== Segment start ==

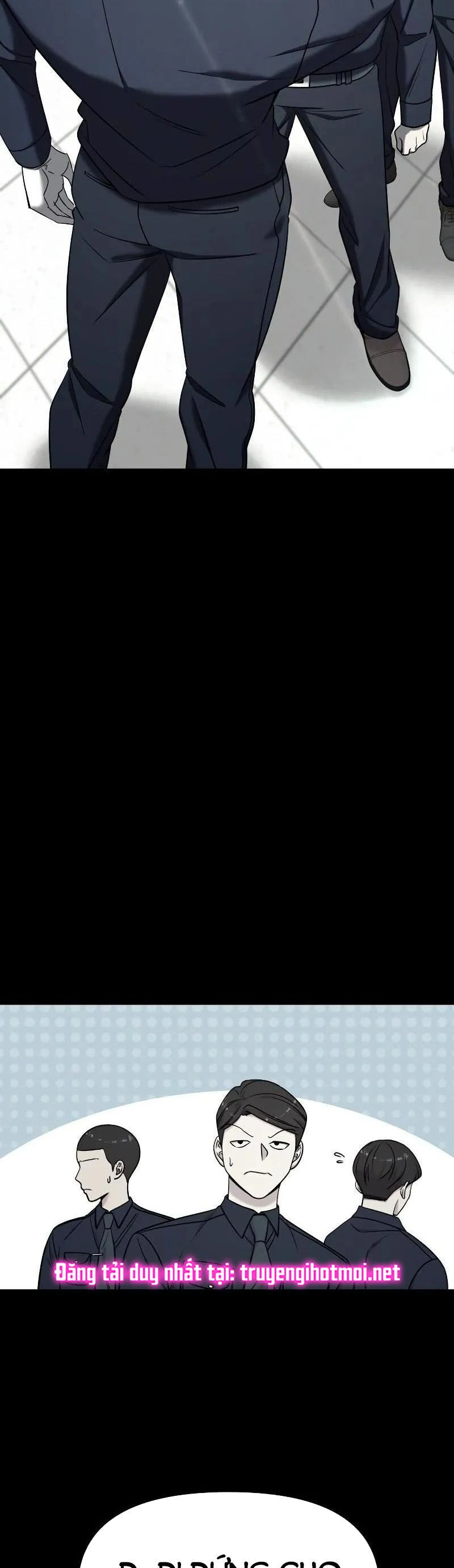 Kẻ Phản Diện Thuần Túy Chapter 75.2 - 27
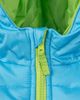 Disney Disney Toy Story Hooded Puffer Jacket - 4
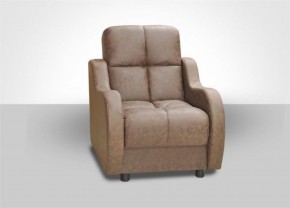 Кресло Бинго 3 (ткань до 300) в Троицке - troick.mebel-74.com | фото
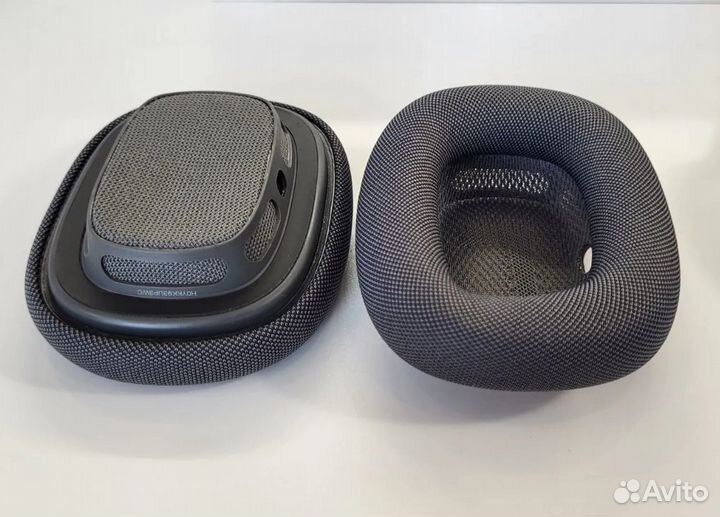 AirPods Pro Max + гарантия и доставка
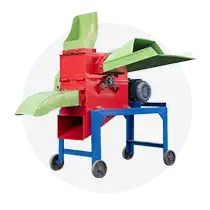 item_wood-chipper-2-in-1210x210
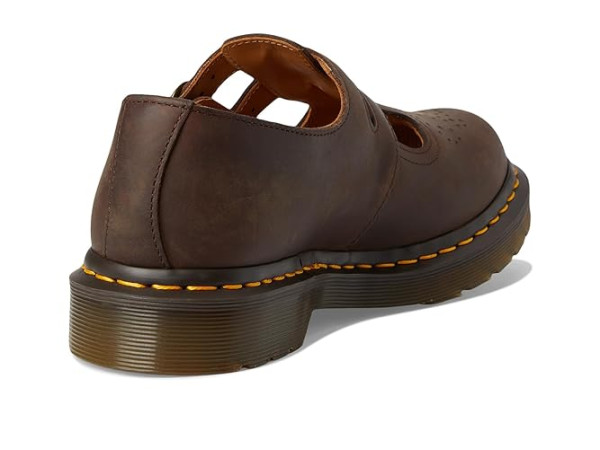 Dr. Martens 8065 Mary Jane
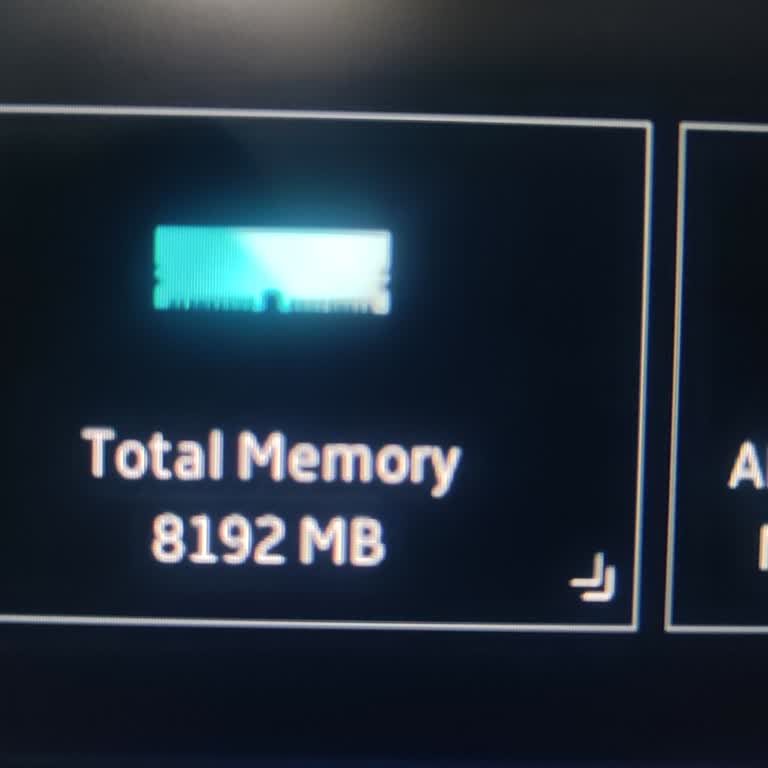 İdefix Yanıltıcı Kutu Etiketi Ve Eksik RAM İle Gelen Dizüstü Bilgisayar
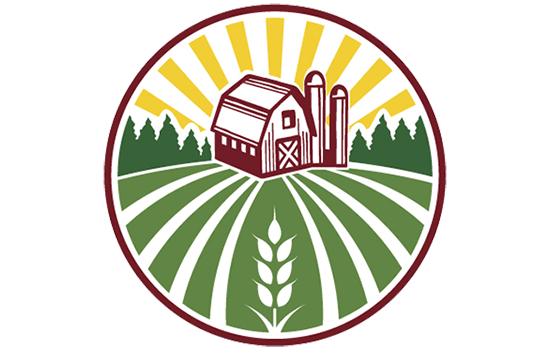 Application Process Now Open  for the Carroll County Agriculture Land Preservation Program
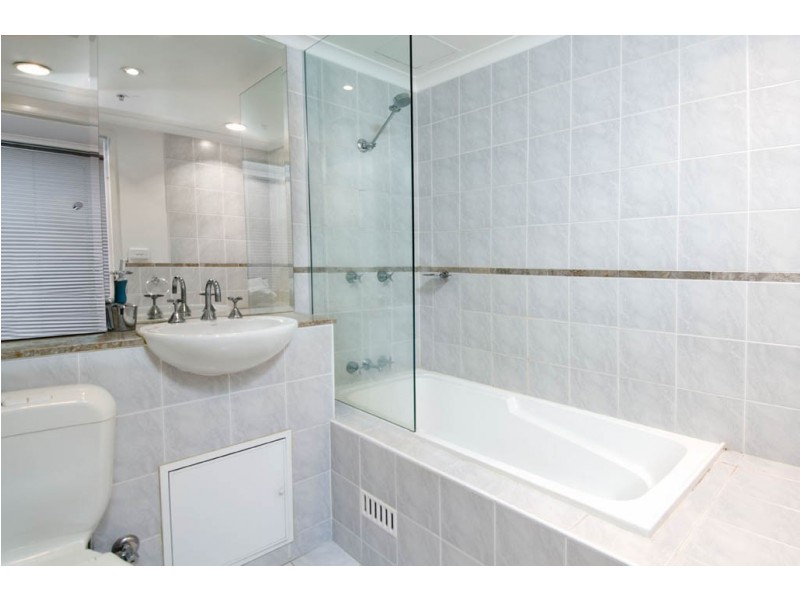 503/174 Goulburn Street, Surry Hills NSW 2010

== Segment end ==

> **PROMPT**
With images omitted, output the data exactly as given.

> **RESULT FOR THIS TASK**
 Kẻ Phản Diện Thuần Túy Chapter 75.2 - 27
 Disney Disney Toy Story Hooded Puffer Jacket - 4
 Кресло Бинго 3 (ткань до 300) в Троицке - troick.mebel-74.com | фото
 AirPods Pro Max + гарантия и доставка
 item_wood-chipper-2-in-1210x210
 Dr. Martens 8065 Mary Jane
 İdefix Yanıltıcı Kutu Etiketi Ve Eksik RAM İle Gelen Dizüstü Bilgisayar
 Application Process Now Open  for the Carroll County Agriculture Land Preservation Program
 503/174 Goulburn Street, Surry Hills NSW 2010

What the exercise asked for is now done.